All teams focused on the question whether stimulation activities could have triggered the Pohang magnitude 5.4 earthquake. None of the works by these teams focused on the question whether the earthquake could have been natural, although there are several forms of evidence that the Pohang area is naturally more seismically active than was believed in 2010 when the project was started by the Korean Pohang project consortium.
Currently, the locations of seismic events during stimulation in the PX-1 and PX-2 boreholes differ between the involved DESTRESS teams due to different velocity models and data treatment. However, the overall picture of the spatial distribution of seismic events during the different stimulation periods are in relatively good agreement. Although the results are still preliminary and need to be verified, a tendency of clustering of micro-seismicity for each stimulation period in various regions has been observed, probably indicating that varying structures have been activated by each stimulation treatment, at least during the first three stimulation campaigns.
Because data from fewer stations are available, the locations of the foreshocks, the magnitude 5.4 mainshock, and the aftershocks are less precise compared to those determined for the DESTRESS stimulation campaigns. One group has located the mainshock close to or within the areas previously stimulated by injections in well PX-2 at high pressures. However, the uncertainties are relatively large. This is also reflected by work conducted outside of the DESTRESS project, which has been published within the last months. Some of these publications locate the foreshocks, the mainshock, and the aftershock between the wells PX-1 and PX-2 at depths of around 4 km, others report depths of the main shock of around 6 km and locate the aftershocks outside the areas directly influenced by the stimulations. Work is ongoing by the DESTRESS teams to increase the precision of the localizations and to evaluate the relation of the stimulations with the earthquake using independent methods such as waveform similarities and focal mechanisms.
The stress field in the Pohang area has been studied by several DESTRESS teams. All teams come independently to the conclusion that the azimuth of the maximum principal stress of ~70° commonly observed in South Korea may be valid only at great depths in the Pohang area. But at the ~4 km depth of the boreholes the azimuth is at ~100-115° and at shallow depth of several hundred of metres at ~130°.
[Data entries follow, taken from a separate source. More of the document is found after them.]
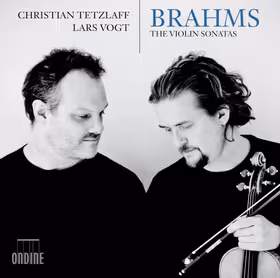The Violin Sonatas, Christian Tetzlaff, violin; Lars Vogt, piano (Ondine)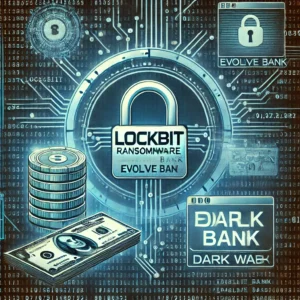 LockBitがEvolve Bankを標的に、顧客情報ダークウェブに流出 - innovaTopia - （イノベトピア）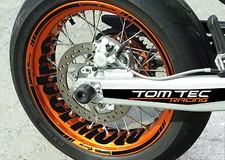 Ktm smc 690 felgenaufkleber - ktm, smc-r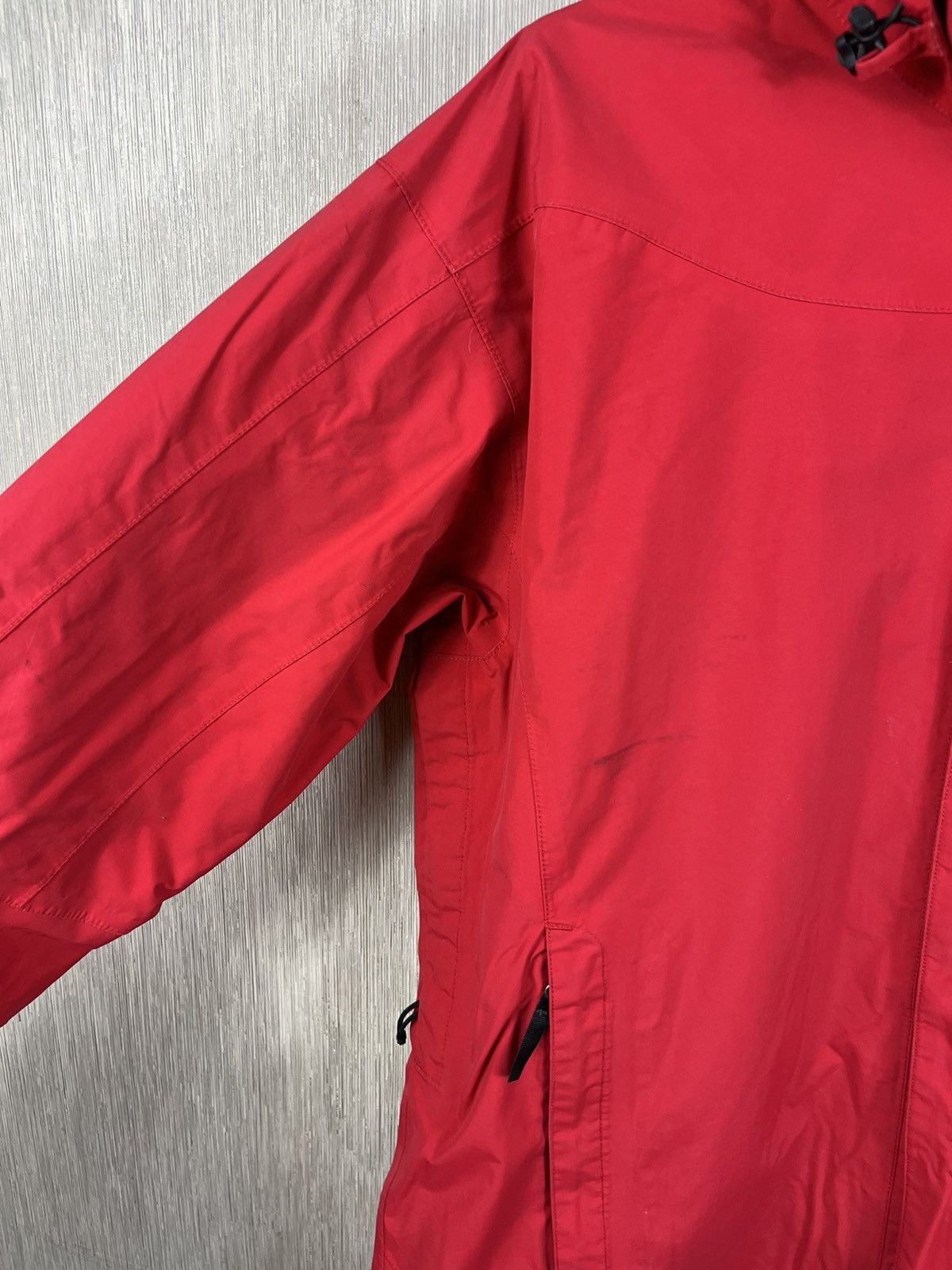 The North Face × Vintage Vintage The North Face HyVent tnf y2k light nylon jacket Size US L / EU 52-54 / 3 - 8 Thumbnail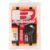 Bullpadel GB1600 Overgrip Oranje 12 St.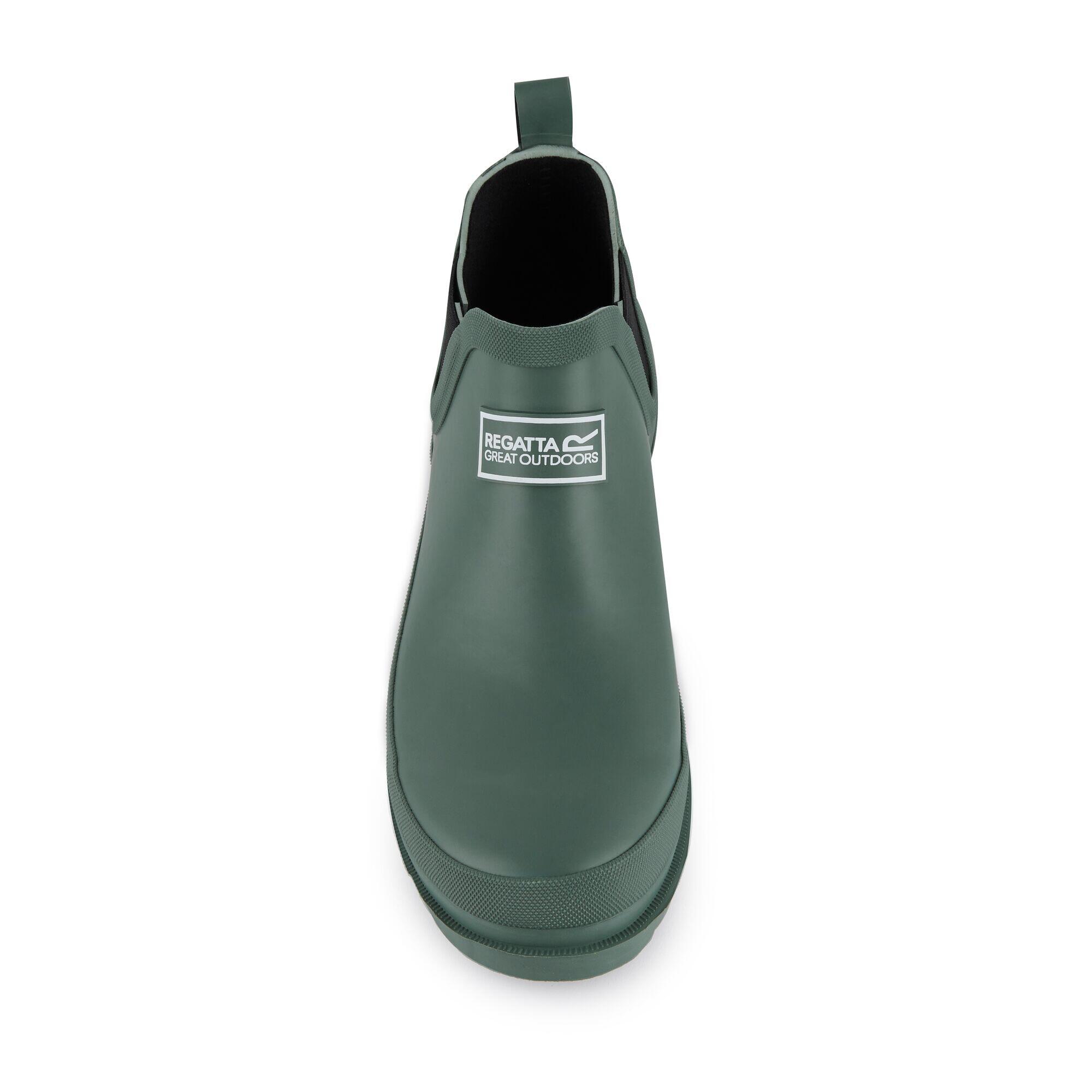 Stallaarzen Wandelen Dames Waterdicht 5/6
First results of at least six different conceptual and numerical modelling approaches have been presented at the workshop to reproduce the hydraulic and geomechanical conditions during the stimulations and to assess their impact on a conjectured fault network intersected by wells PX-1 and PX-2. None of the numerical studies has been finalized yet and we expect most of the modelling work to be continued during the next half a year. However, we expect some teams to provide some pertinent information earlier.
The following next steps are planned: A next internal workshop for DESTRESS work package 5 members will be held after the next DESTRESS General Assembly in Strasbourg at the end of February 2019. After the national Korean commission for the investigation of the Pohang earthquake has presented their conclusions in spring 2019, the DESTRESS project will communicate a summary of advanced and verified own results. It is also planned to publish DESTRESS results in academic journals as special issues once technical analysis is completed.